# Data under study
- - - - - - -
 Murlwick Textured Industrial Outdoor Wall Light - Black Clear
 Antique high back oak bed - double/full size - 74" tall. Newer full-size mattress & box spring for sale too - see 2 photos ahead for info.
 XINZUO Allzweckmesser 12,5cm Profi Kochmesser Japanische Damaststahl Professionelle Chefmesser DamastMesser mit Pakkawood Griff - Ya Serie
- - - - - - -
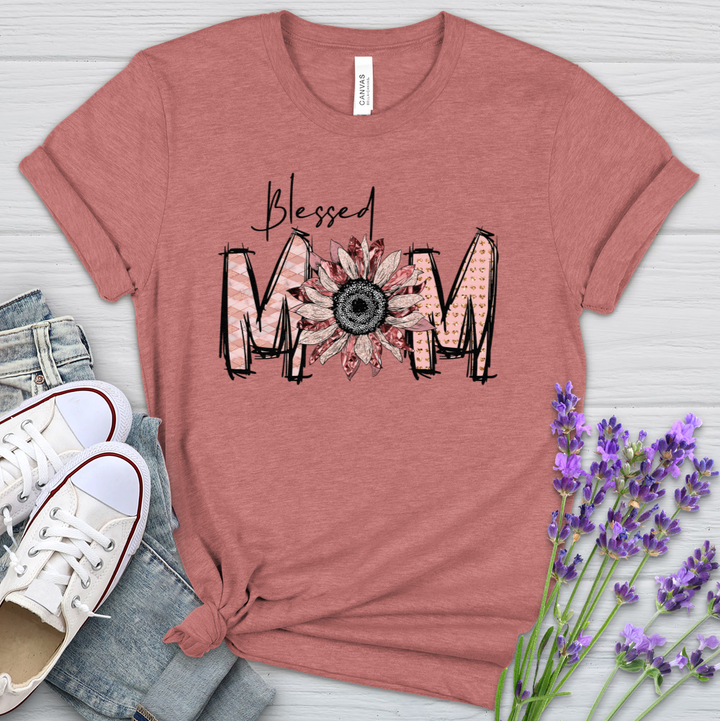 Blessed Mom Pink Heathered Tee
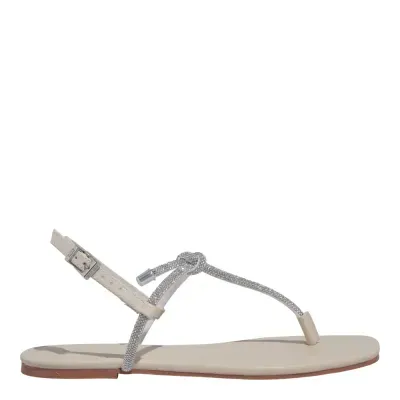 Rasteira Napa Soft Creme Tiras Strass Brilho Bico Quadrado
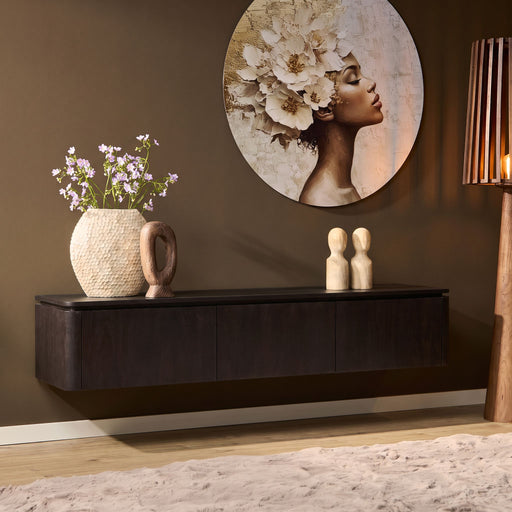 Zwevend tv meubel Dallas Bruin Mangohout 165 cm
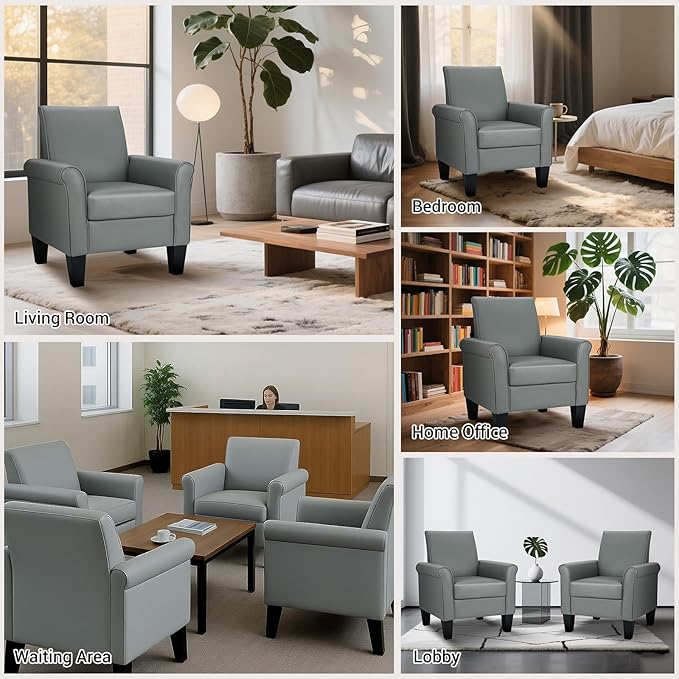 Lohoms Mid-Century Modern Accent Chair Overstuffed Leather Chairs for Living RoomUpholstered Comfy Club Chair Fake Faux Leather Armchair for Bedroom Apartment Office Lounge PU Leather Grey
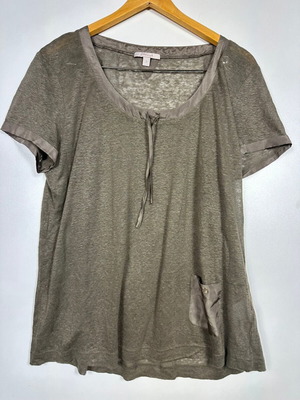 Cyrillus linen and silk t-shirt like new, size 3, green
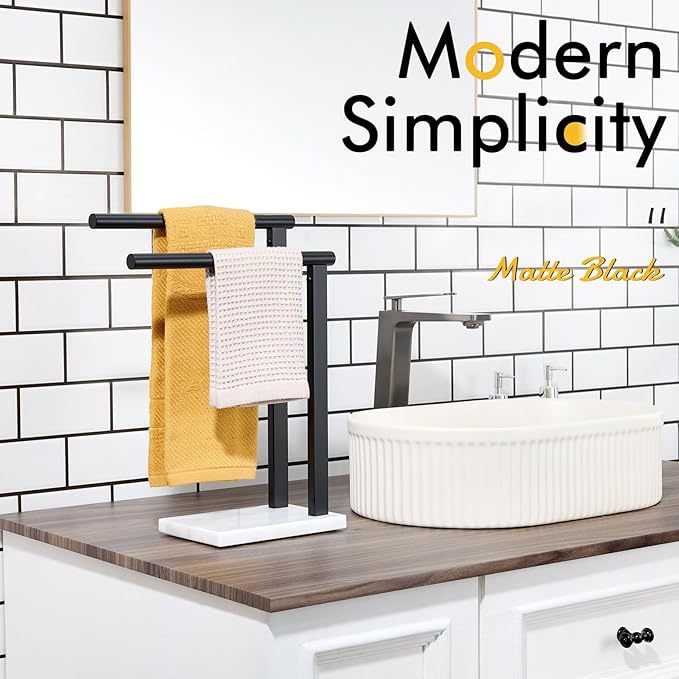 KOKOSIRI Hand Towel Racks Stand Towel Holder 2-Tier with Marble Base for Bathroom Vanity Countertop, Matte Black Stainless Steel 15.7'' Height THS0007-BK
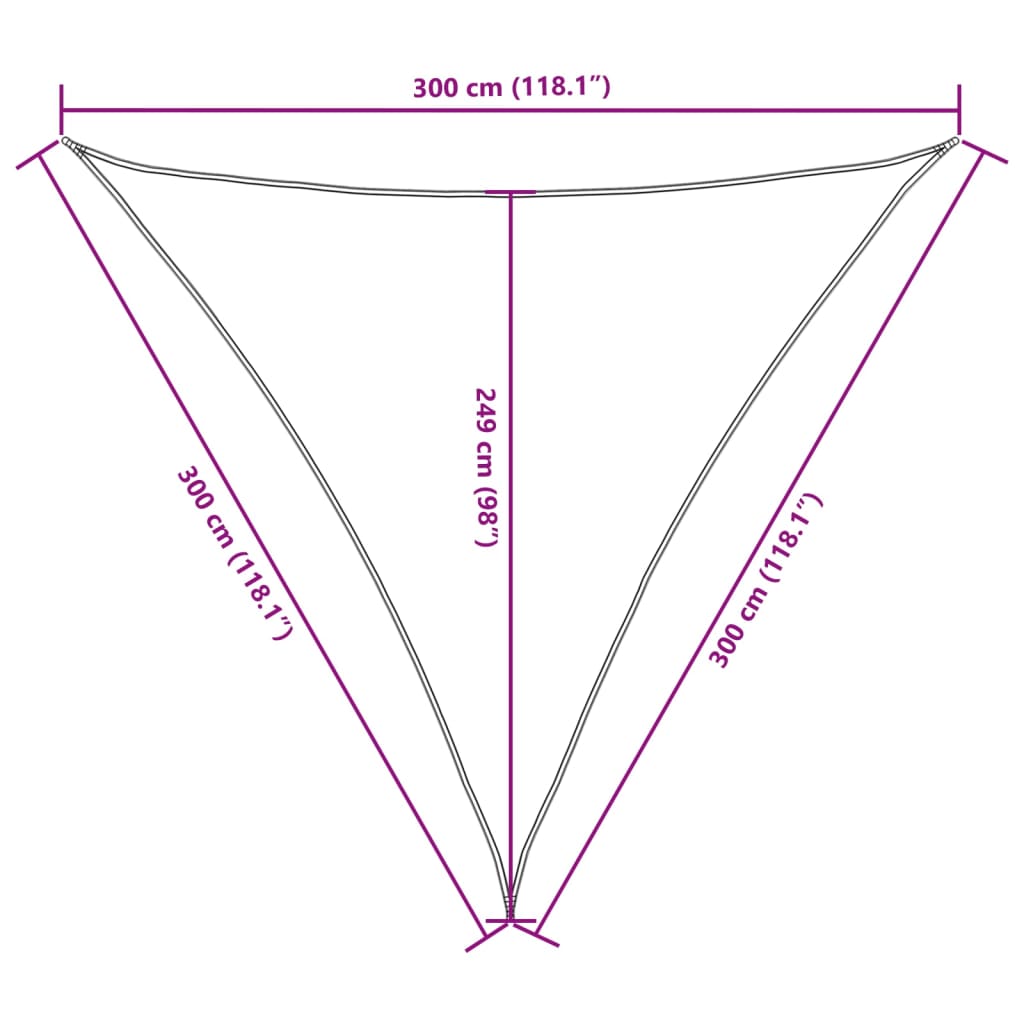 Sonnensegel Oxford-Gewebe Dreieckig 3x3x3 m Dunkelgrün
- - - - - - -
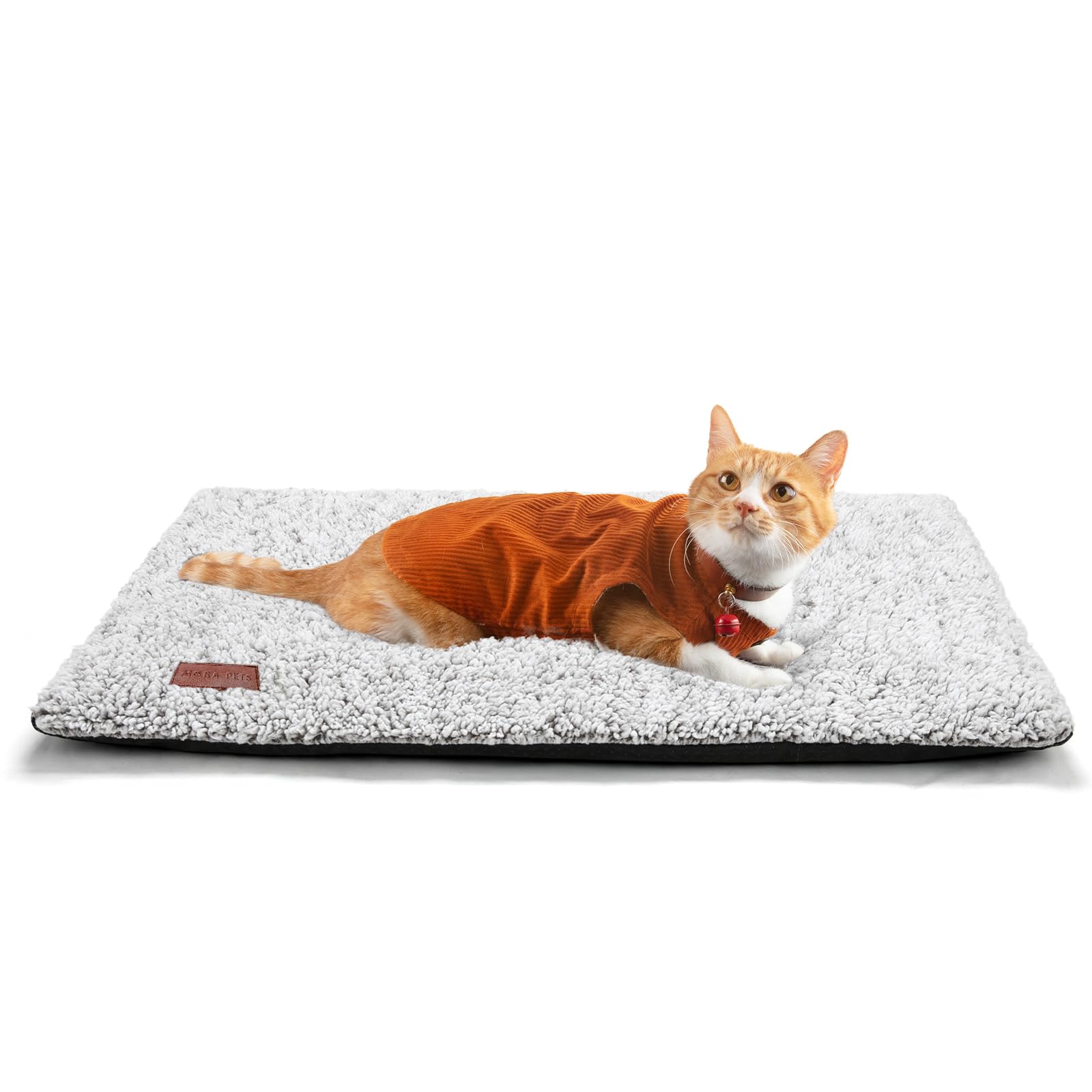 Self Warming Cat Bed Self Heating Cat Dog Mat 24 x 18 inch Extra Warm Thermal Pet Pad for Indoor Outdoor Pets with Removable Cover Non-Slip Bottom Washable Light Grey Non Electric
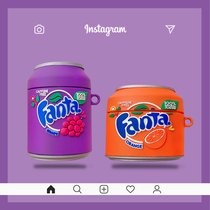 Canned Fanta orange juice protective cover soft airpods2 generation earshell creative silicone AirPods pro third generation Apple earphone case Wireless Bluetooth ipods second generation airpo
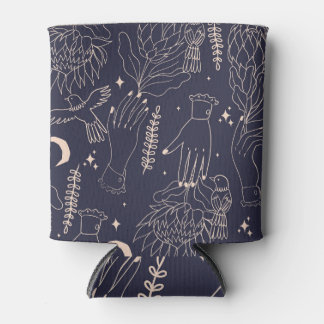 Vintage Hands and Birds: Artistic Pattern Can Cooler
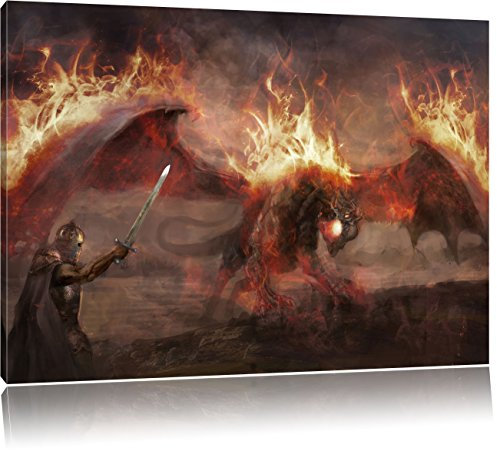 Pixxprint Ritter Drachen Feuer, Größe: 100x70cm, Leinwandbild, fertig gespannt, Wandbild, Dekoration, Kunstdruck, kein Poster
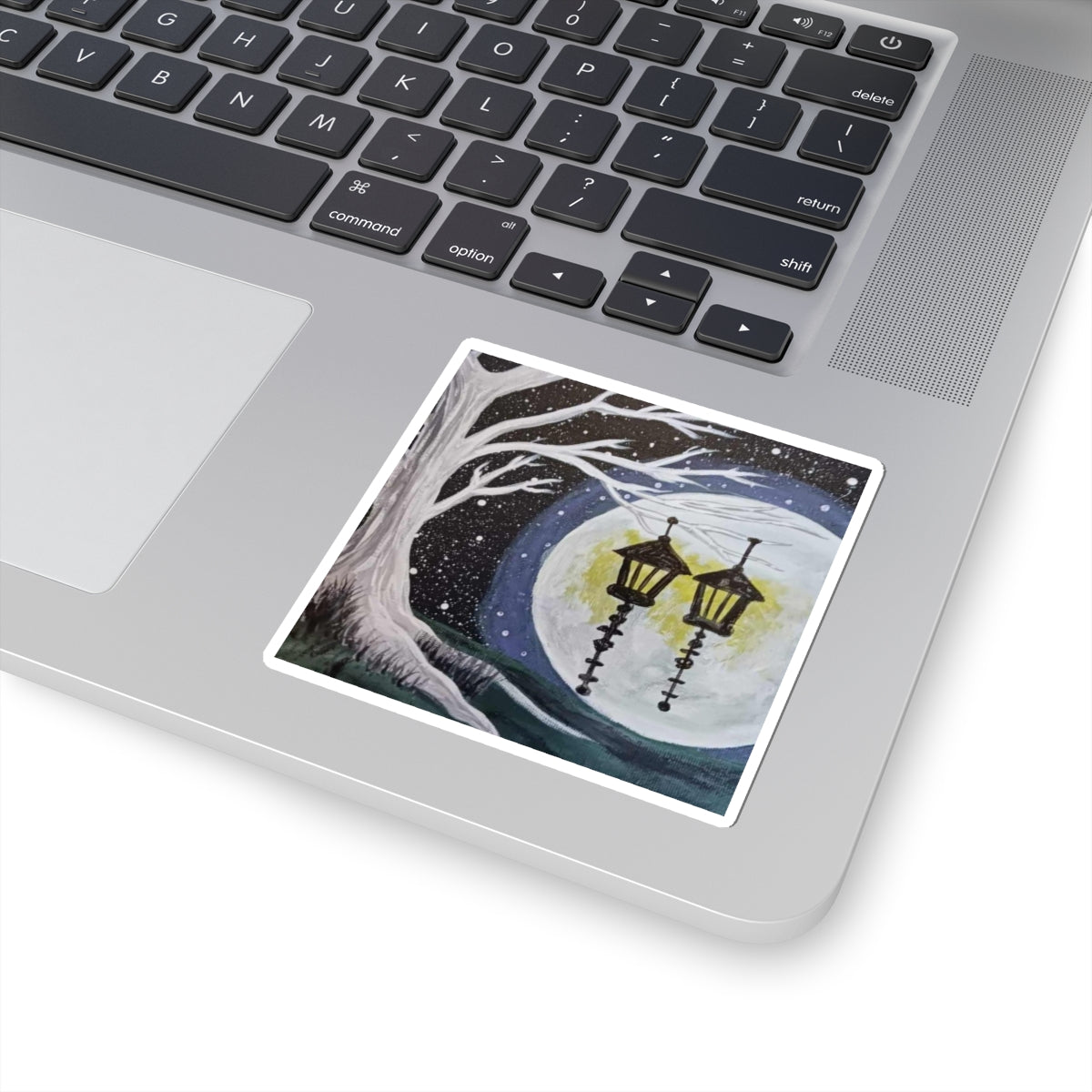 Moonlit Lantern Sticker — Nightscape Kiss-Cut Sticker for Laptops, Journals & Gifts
- - - - - - -
# Required work
In the listing above, find the line containing "Rasteira Napa Soft" and the line containing "Sonnensegel Oxford-Gewebe Dreieckig". Reproduce those lines and all between them exactly, with no pictures and nothing more.

# Exercise solution
 Rasteira Napa Soft Creme Tiras Strass Brilho Bico Quadrado
 Zwevend tv meubel Dallas Bruin Mangohout 165 cm
 Lohoms Mid-Century Modern Accent Chair Overstuffed Leather Chairs for Living RoomUpholstered Comfy Club Chair Fake Faux Leather Armchair for Bedroom Apartment Office Lounge PU Leather Grey
 Cyrillus linen and silk t-shirt like new, size 3, green
 KOKOSIRI Hand Towel Racks Stand Towel Holder 2-Tier with Marble Base for Bathroom Vanity Countertop, Matte Black Stainless Steel 15.7'' Height THS0007-BK
 Sonnensegel Oxford-Gewebe Dreieckig 3x3x3 m Dunkelgrün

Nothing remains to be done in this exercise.